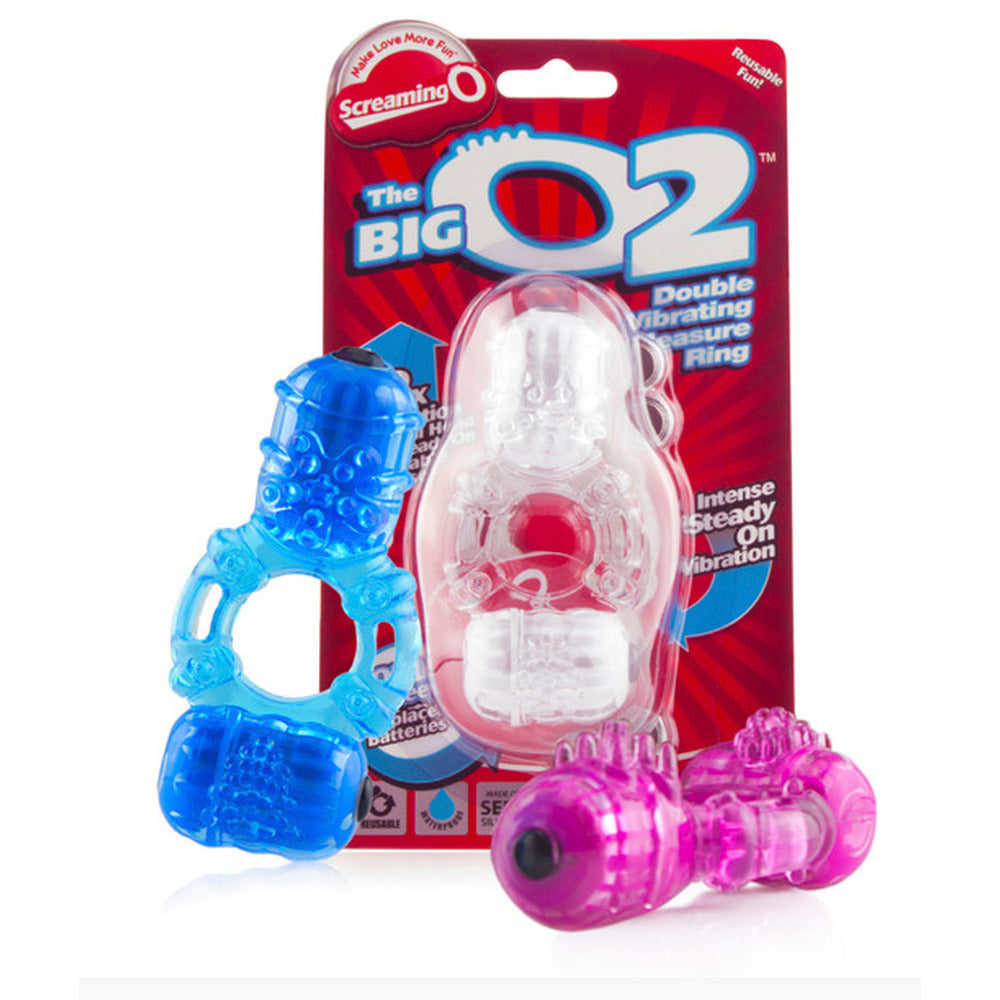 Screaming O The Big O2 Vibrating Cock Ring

--

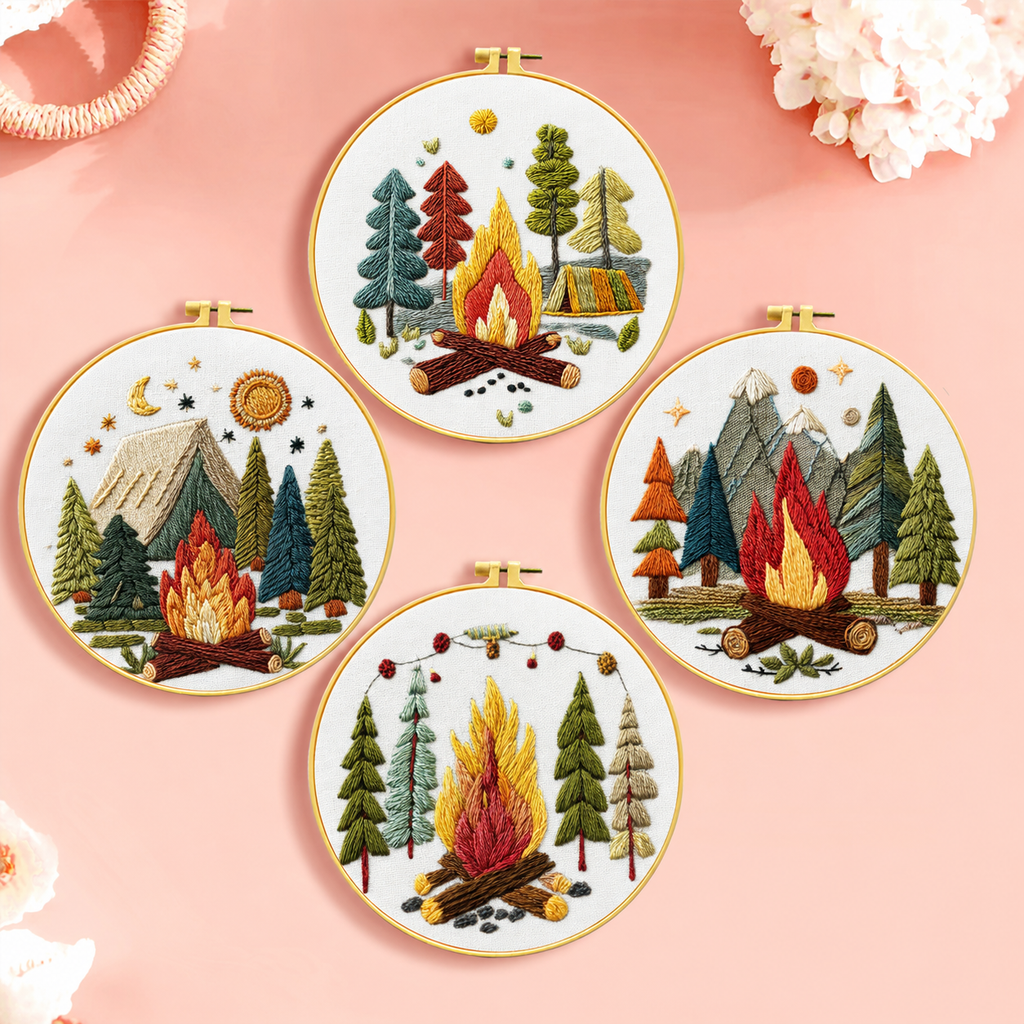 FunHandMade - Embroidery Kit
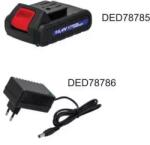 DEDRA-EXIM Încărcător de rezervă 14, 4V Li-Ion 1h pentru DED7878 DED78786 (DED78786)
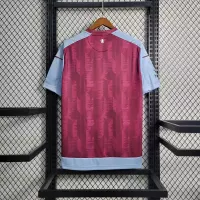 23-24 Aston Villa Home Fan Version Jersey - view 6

Problem description
Copy the entries above exactly, but only the stretch from the line containing "DEDRA-EXIM Încărcător de" through the line containing "23-24 Aston Villa". Keep both end lines; drop the pictures.

Solution
 DEDRA-EXIM Încărcător de rezervă 14, 4V Li-Ion 1h pentru DED7878 DED78786 (DED78786)
 23-24 Aston Villa Home Fan Version Jersey - view 6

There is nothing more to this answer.